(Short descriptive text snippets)
—————

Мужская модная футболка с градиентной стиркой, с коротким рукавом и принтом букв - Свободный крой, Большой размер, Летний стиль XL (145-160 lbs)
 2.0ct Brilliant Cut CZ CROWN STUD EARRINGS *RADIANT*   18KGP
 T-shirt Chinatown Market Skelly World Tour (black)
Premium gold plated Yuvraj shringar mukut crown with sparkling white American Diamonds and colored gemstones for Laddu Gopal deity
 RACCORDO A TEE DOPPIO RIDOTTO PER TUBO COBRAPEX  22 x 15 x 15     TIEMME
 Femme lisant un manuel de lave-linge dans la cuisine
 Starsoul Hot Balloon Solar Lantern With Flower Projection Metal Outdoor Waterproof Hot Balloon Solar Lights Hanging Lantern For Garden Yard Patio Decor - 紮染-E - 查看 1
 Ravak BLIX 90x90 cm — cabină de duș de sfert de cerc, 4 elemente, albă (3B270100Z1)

—————

__INSTRUCTIONS FOR THE TASK__
The entries above should be repeated exactly, every one of them.

__WRITTEN SOLUTION__
Мужская модная футболка с градиентной стиркой, с коротким рукавом и принтом букв - Свободный крой, Большой размер, Летний стиль XL (145-160 lbs)
 2.0ct Brilliant Cut CZ CROWN STUD EARRINGS *RADIANT*   18KGP
 T-shirt Chinatown Market Skelly World Tour (black)
Premium gold plated Yuvraj shringar mukut crown with sparkling white American Diamonds and colored gemstones for Laddu Gopal deity
 RACCORDO A TEE DOPPIO RIDOTTO PER TUBO COBRAPEX  22 x 15 x 15     TIEMME
 Femme lisant un manuel de lave-linge dans la cuisine
 Starsoul Hot Balloon Solar Lantern With Flower Projection Metal Outdoor Waterproof Hot Balloon Solar Lights Hanging Lantern For Garden Yard Patio Decor - 紮染-E - 查看 1
 Ravak BLIX 90x90 cm — cabină de duș de sfert de cerc, 4 elemente, albă (3B270100Z1)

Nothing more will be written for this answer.